# CLIP-guided Diffusion — Lightweight Prototypes

Objective: prototype text-driven image generation and style-transfer using CLIP guidance to inform early product demos.

**Contents**
1. Environment & safety note
2. Text-to-image prototype
3. Image-to-image (style transfer) prototype
4. Observations & limitations


In [None]:
# %% Environment (comment in the line below on Colab if imports fail)
# !pip -q install diffusers==0.30.0 transformers==4.44.2 accelerate==0.34.2 safetensors xformers==0.0.27.post2
from dataclasses import dataclass
from typing import Optional
import torch
from PIL import Image
from pathlib import Path
from datetime import datetime
from IPython.display import display
DEVICE = 'cuda' if torch.cuda.is_available() else 'cpu'
print('DEVICE:', DEVICE, '| CUDA OK:', torch.cuda.is_available())
if torch.cuda.is_available():
    try:
        print('GPU:', torch.cuda.get_device_name(0))
    except Exception:
        pass

### Safety & licensing
- Use models in accordance with their licenses and terms.
- Add a basic prompt/NSFW filter when exposing a public UI.


In [None]:
# %% Helpers: save + display
OUTDIR = Path('/content/outputs'); OUTDIR.mkdir(parents=True, exist_ok=True)
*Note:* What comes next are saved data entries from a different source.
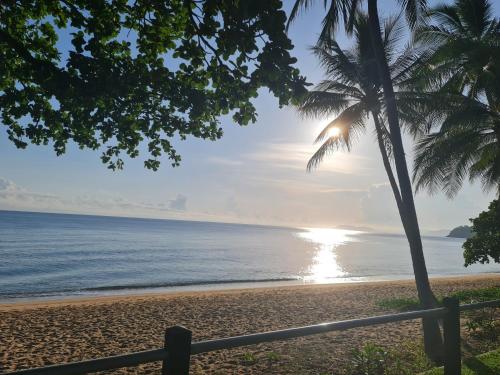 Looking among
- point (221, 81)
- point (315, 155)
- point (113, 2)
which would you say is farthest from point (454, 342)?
point (315, 155)

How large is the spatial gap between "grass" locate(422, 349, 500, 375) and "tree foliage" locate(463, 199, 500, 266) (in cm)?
968

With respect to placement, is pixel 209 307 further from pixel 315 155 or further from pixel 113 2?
pixel 113 2

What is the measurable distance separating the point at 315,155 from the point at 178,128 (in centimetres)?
939

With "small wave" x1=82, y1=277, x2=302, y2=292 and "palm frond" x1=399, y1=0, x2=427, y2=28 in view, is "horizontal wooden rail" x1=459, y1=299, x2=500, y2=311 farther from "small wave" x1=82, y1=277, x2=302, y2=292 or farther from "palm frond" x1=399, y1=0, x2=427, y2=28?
"small wave" x1=82, y1=277, x2=302, y2=292

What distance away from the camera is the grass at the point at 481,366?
16.2 ft

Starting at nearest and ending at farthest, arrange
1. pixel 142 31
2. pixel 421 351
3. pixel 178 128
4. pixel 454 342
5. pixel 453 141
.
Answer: pixel 454 342
pixel 142 31
pixel 178 128
pixel 421 351
pixel 453 141

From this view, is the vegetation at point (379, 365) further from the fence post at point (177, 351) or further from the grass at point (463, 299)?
the grass at point (463, 299)

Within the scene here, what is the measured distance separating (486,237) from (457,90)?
18.1ft

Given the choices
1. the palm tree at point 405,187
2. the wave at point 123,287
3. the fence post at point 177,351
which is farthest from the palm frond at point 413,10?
the wave at point 123,287

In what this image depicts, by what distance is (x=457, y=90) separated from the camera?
14.6 m

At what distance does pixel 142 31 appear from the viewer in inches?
205

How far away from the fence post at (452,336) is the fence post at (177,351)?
3.19m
def save_and_show(img: Image.Image, prefix: str = 'gen') -> str:
    ts = datetime.now().strftime('%Y%m%d_%H%M%S')
    path = OUTDIR / f"{prefix}_{ts}.png"
    img.save(path)
    display(img)
    print('Saved →', path)
    return str(path)

In [None]:
# %% Text-to-image (Stable Diffusion v1.5) — cached pipeline
from diffusers import StableDiffusionPipeline
_TXT2IMG = None

def get_txt2img():
    global _TXT2IMG
    if _TXT2IMG is None:
        kw = {}
        if DEVICE == 'cuda':
            kw['torch_dtype'] = torch.float16
        _TXT2IMG = StableDiffusionPipeline.from_pretrained(
            'runwayml/stable-diffusion-v1-5', **kw
        ).to(DEVICE)
        if DEVICE == 'cuda':
            try:
                _TXT2IMG.enable_xformers_memory_efficient_attention()
            except Exception:
                pass
    return _TXT2IMG

def generate(prompt: str, steps: int = 35, guidance: float = 7.5, seed: Optional[int] = 1234,
             negative: str = 'nsfw, nude, watermark, text, logo') -> Image.Image:
    pipe = get_txt2img()
    g = torch.Generator(device=DEVICE).manual_seed(seed) if seed is not None else None
    out = pipe(prompt, num_inference_steps=steps, guidance_scale=guidance,
               negative_prompt=negative, generator=g)
    return out.images[0]

# Demo run (enabled)
DO_RUN_T2I = True
if DO_RUN_T2I:
    img = generate('product mockup, clean studio lighting, minimal background, 50mm photo')
    save_and_show(img, prefix='t2i')

In [None]:
# %% Image-to-image (style nudging) — cached pipeline
from diffusers import StableDiffusionImg2ImgPipeline
_I2I = None

def get_img2img():
    global _I2I
    if _I2I is None:
        kw = {}
        if DEVICE == 'cuda':
            kw['torch_dtype'] = torch.float16
        _I2I = StableDiffusionImg2ImgPipeline.from_pretrained(
            'runwayml/stable-diffusion-v1-5', **kw
        ).to(DEVICE)
        if DEVICE == 'cuda':
            try:
                _I2I.enable_xformers_memory_efficient_attention()
            except Exception:
                pass
    return _I2I

def stylize(init_img: Image.Image, prompt: str, strength: float = 0.6, steps: int = 35,
            guidance: float = 7.5, seed: Optional[int] = 1234) -> Image.Image:
    pipe = get_img2img()
    g = torch.Generator(device=DEVICE).manual_seed(seed) if seed is not None else None
    out = pipe(prompt=prompt, image=init_img, strength=strength,
               num_inference_steps=steps, guidance_scale=guidance, generator=g)
    return out.images[0]

# Demo run (enabled)
DO_RUN_I2I = True
if DO_RUN_I2I:
    base = Image.new('RGB', (512, 512), 'white')
    out = stylize(base, 'isometric icon style, soft gradients, crisp edges')
    save_and_show(out, prefix='i2i')

## Observations
- For quick demos, a single A10G/T4 is adequate; batch size 1, 512x512.
- Prompt engineering matters more than step counts for early concept checks.
- For consistent branding, keep a small prompt library checked into the repo.

## Next steps
- Wire a basic Streamlit UI to collect prompts and seed; export PNGs.
- If going beyond prototype, consider ControlNet or fine-tuning for product styles.